Rhode Island election officials are taking their new voting machines on the road in an attempt to get people comfortable with the state’s first major change in voting technology in nearly two decades.
Secretary of State Nellie Gorbea announced plans Wednesday to hold 18 workshops around Rhode Island to show off how the 590 new voting machines that the state bought last month will work when voters head to the polls. The new machines will replace voting technology that Rhode Island has used since 1997 in time for September’s primary, and Gorbea hopes they prove easier to use for voters and poll workers alike.
“By updating our voting equipment, we are updating democracy’s infrastructure,” Gorbea said in a statement. “I’m sending the new machines out to Rhode Island voters so that they know how to use them on Election Day.”
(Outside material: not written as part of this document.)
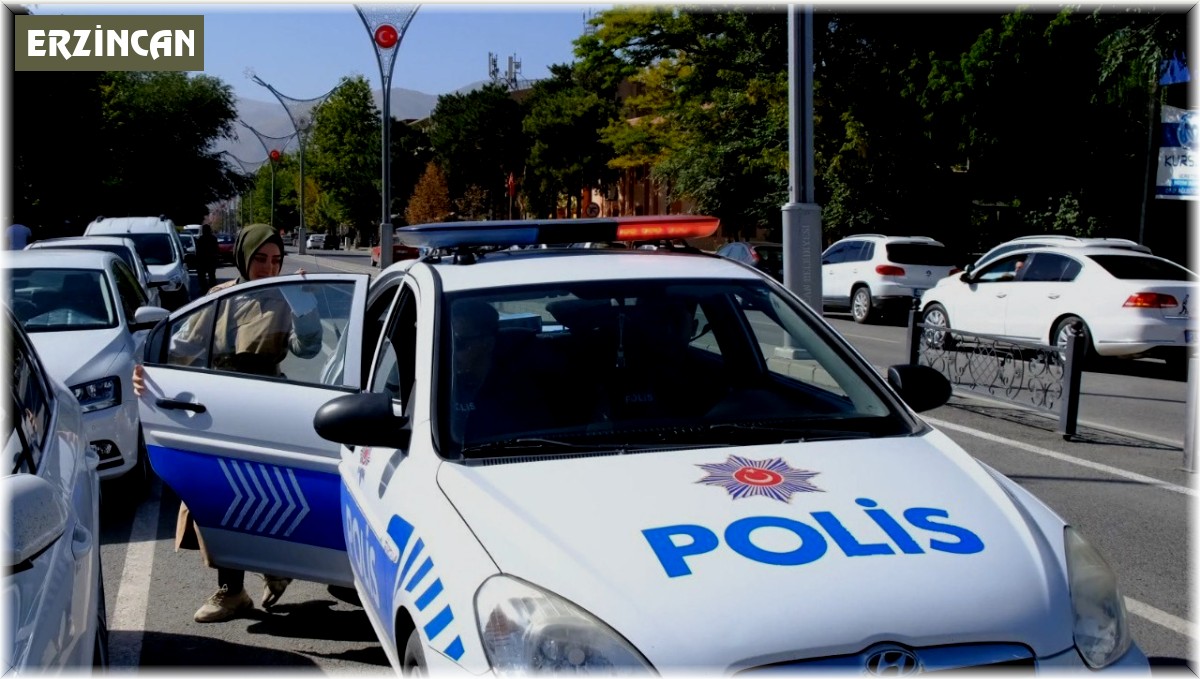 Erzincan polisi KPSS'ye geç kalmakta olan öğrenciyi 15 dakika kala sınava yetiştirdi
Like the state’s old equipment, the new “D-200” machines (manufactured by Elections Systems and Software) still use optical scan technology, which electronically scans paper ballots filled out by hand. Now, voters have to simply fill in an oval next to the option they want to select, rather than connecting an arrow to indicate their choice.
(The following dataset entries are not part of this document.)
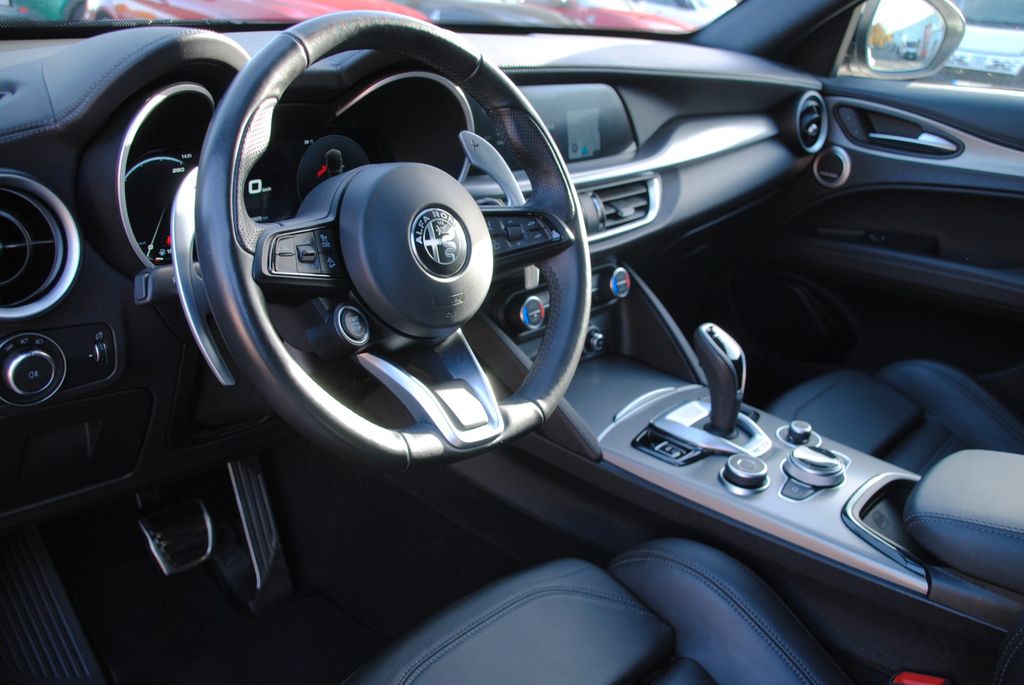 Alfa Romeo Stelvio 2023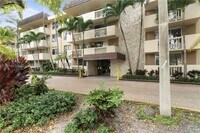 Building Photo - 1800 Sans Souci Blvd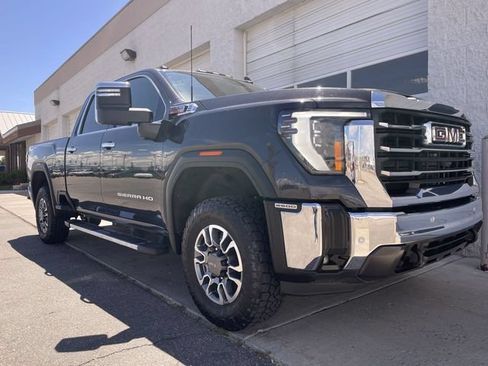 Used 2024 GMC Sierra 2500 SLT w/ SLT Convenience Package AWD/4WD image 10
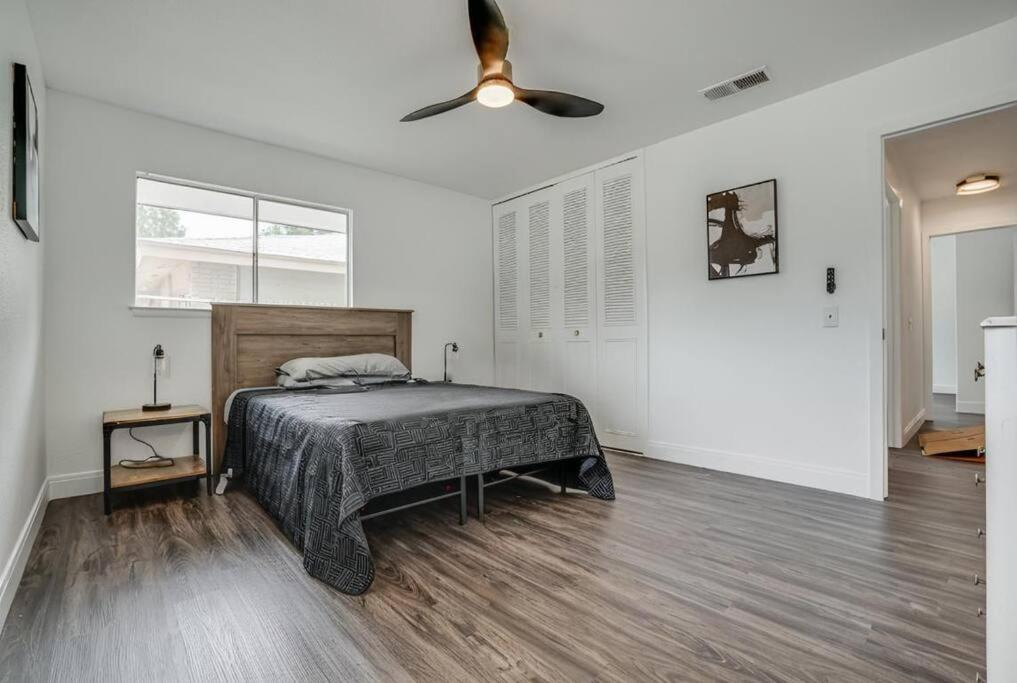 Cozy Retreat Near Downtown Sa Holiday home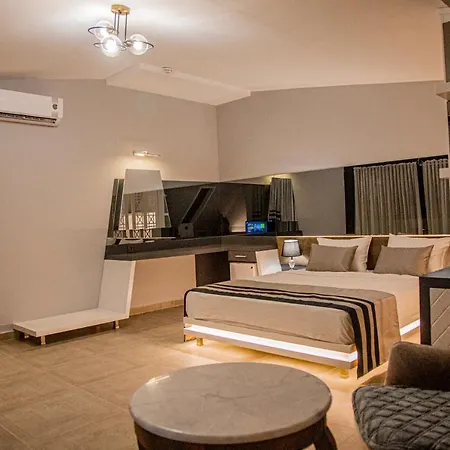 Sette Serenity (adults Only) אלאניה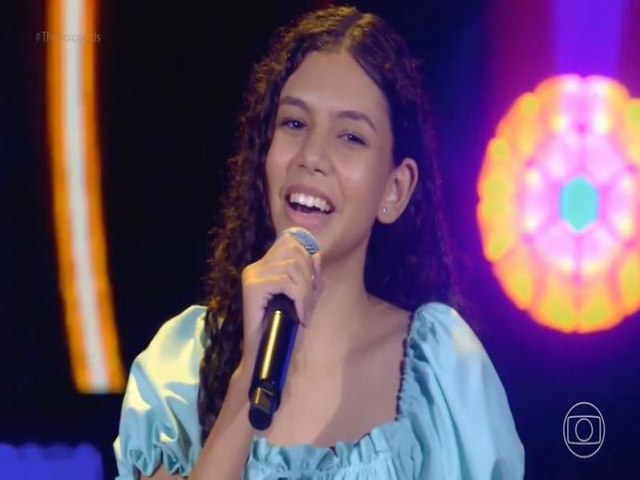 Cearense Cecília Amorim encanta técnicos na estreia do The Voice Kids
The new machines also have an improved interface for users as they cast their ballots, as well as wireless connectivity for election staffers. Thanks to legislation enacted in June, poll workers can also use the machines to start storing scanned images of irregular ballots, making it easier for staffers to analyze those ballots digitally.
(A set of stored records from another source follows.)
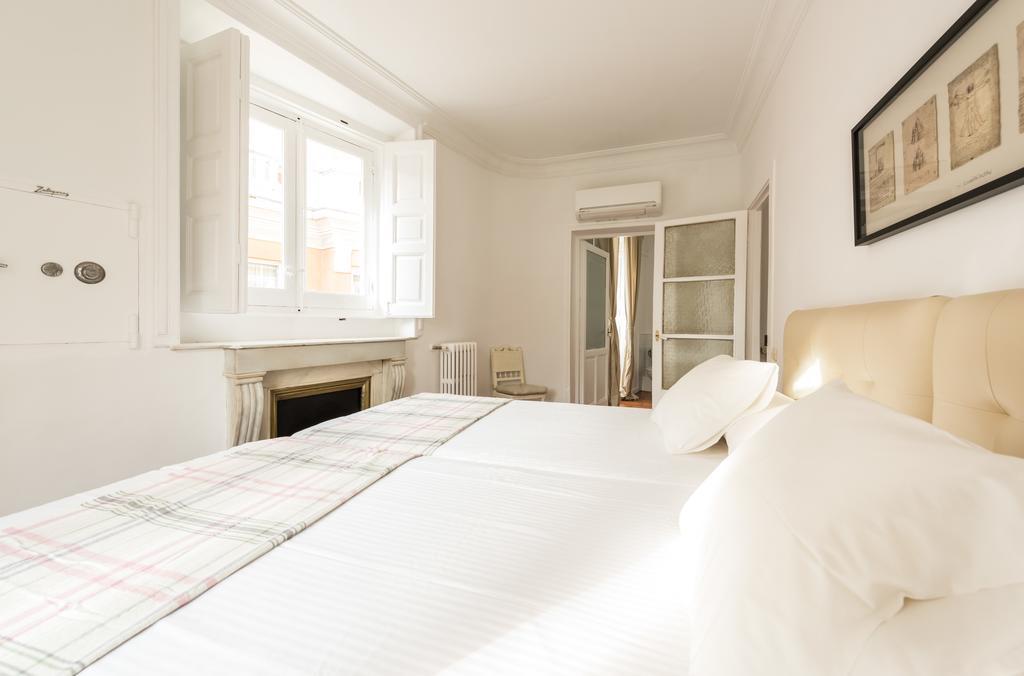 Apartamentos Madrid Centro W Buitenkant foto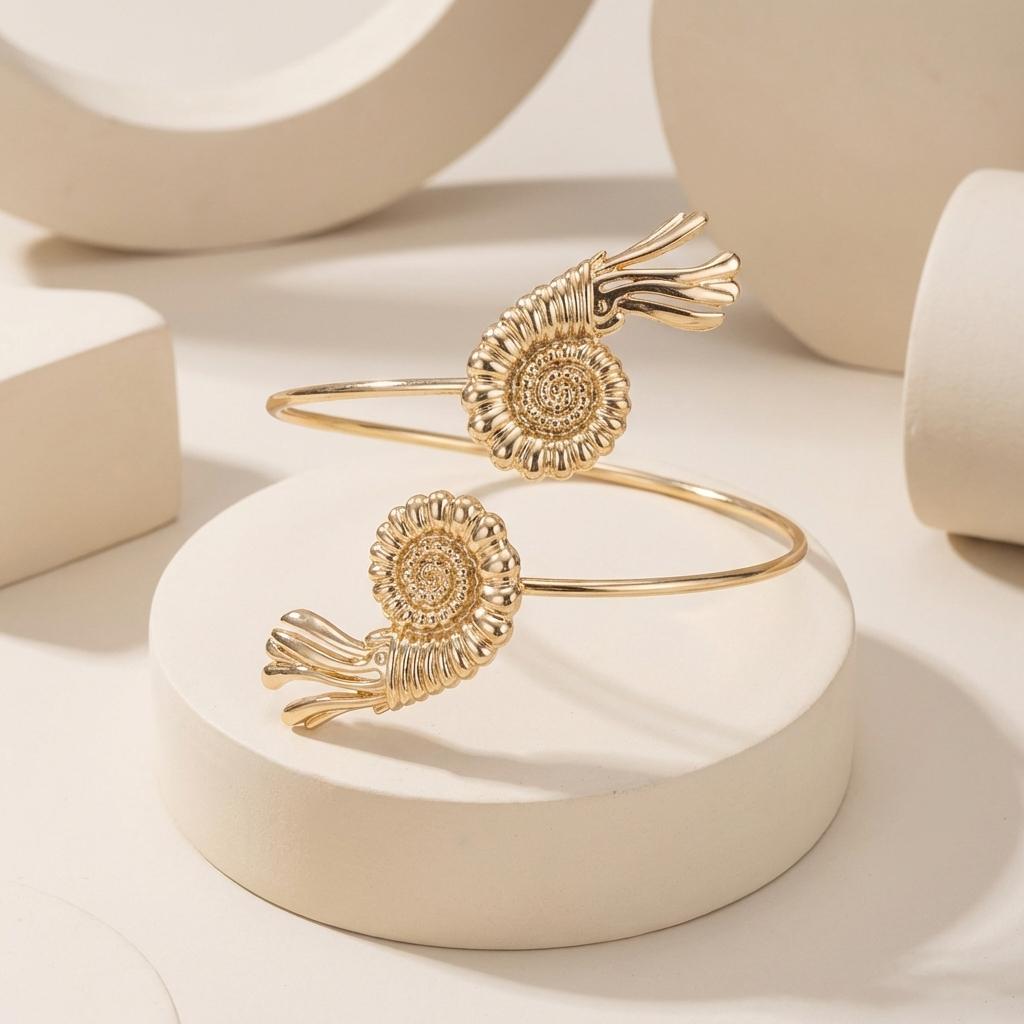 Vintage Conch Upper Arm Bracelet for Women Elegant Gold Plated Conch Charm Open Adjustable Bangle Vacation Jewelry Gift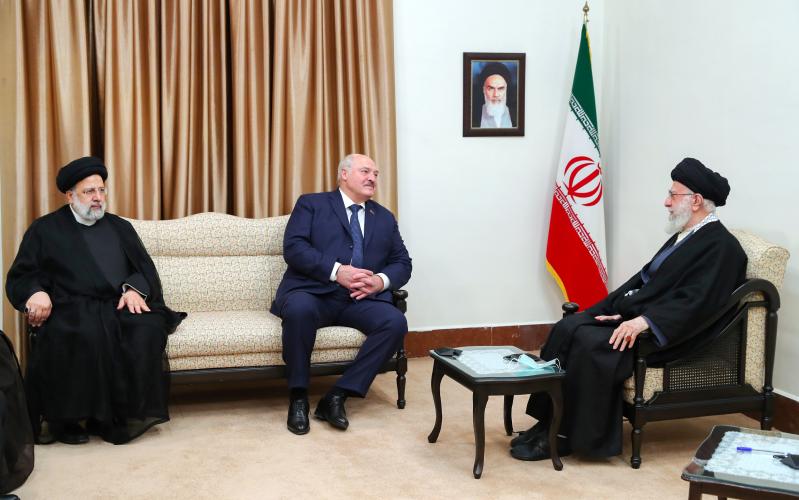 Photo : Rencontre du président biélorusse, Alexandre Loukachenko, et la délégation l'accompagnant à Téhéran avec le Guide suprême de la Révolution islamique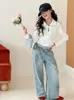 Camiseta básica para meninas, novo modelo primavera e outono 2026, camiseta de manga comprida para meninas mais velhas, visual estiloso de duas peças, top infantil estilo coreano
In conjunction with the rollout of the new machines, Gorbea is launching a pilot program to get some workers using “electronic poll books” to check in voters and ensure they’re in the right precinct rather than the old paper-based binder system. Starting with the Sept. 13 primary, 59 polling places will get the chance to use the new wireless system on tablets, as Gorbea weighs expanding the practice statewide to cut down on wait times.
These changes are welcome ones for national voting technology analysts like Lawrence Norden, deputy director of the Brennan Center for Justice’s Democracy Program. While his research indicates that states desperately need to replace their voting machines, he told StateScoop that the situation in Rhode Island was particularly dire before this upgrade.
“You had a voting system that was really old in Rhode Island, and probably far past its expected lifespan,” Norden said. “They were among some of the oldest machines in the country, so I don’t think there’s any question they needed to be replaced.”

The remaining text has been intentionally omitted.